Problem: Your task is to return exactly the lines that run from the one containing "Camisa de béisbol" through the end of the listing below, without any pictures.

::: Source data :::

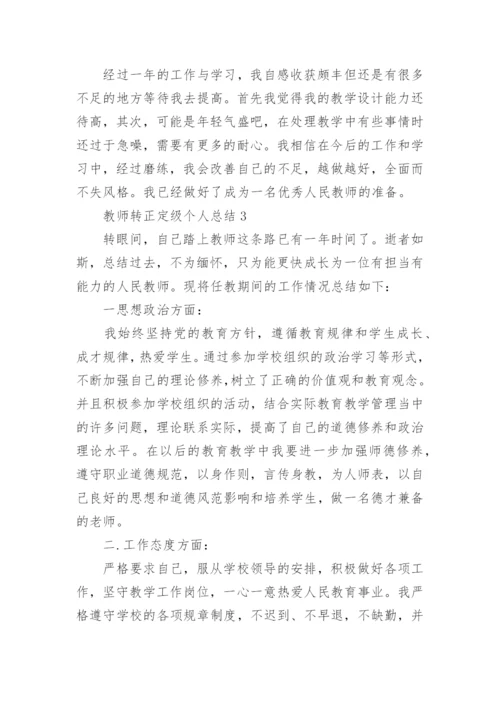 教师转正定级个人总结.docx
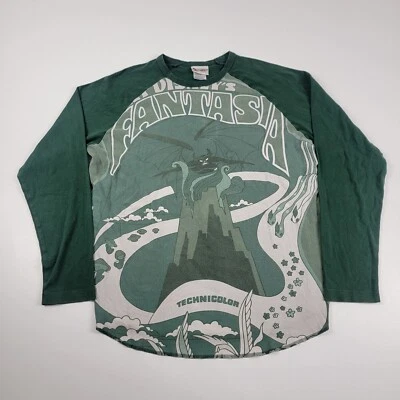 Camisa de béisbol vintage CHERNABOG Disneyland Disney's Fantasia Technicolor XL Y2K Foto 1 de 4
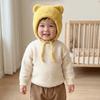 Solid Color Winter Baby Hat Breathable Toddler's Knitted Hat Baby Beanie Cap  Photography Props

:::

Result of this task:
 Camisa de béisbol vintage CHERNABOG Disneyland Disney's Fantasia Technicolor XL Y2K Foto 1 de 4
 Solid Color Winter Baby Hat Breathable Toddler's Knitted Hat Baby Beanie Cap  Photography Props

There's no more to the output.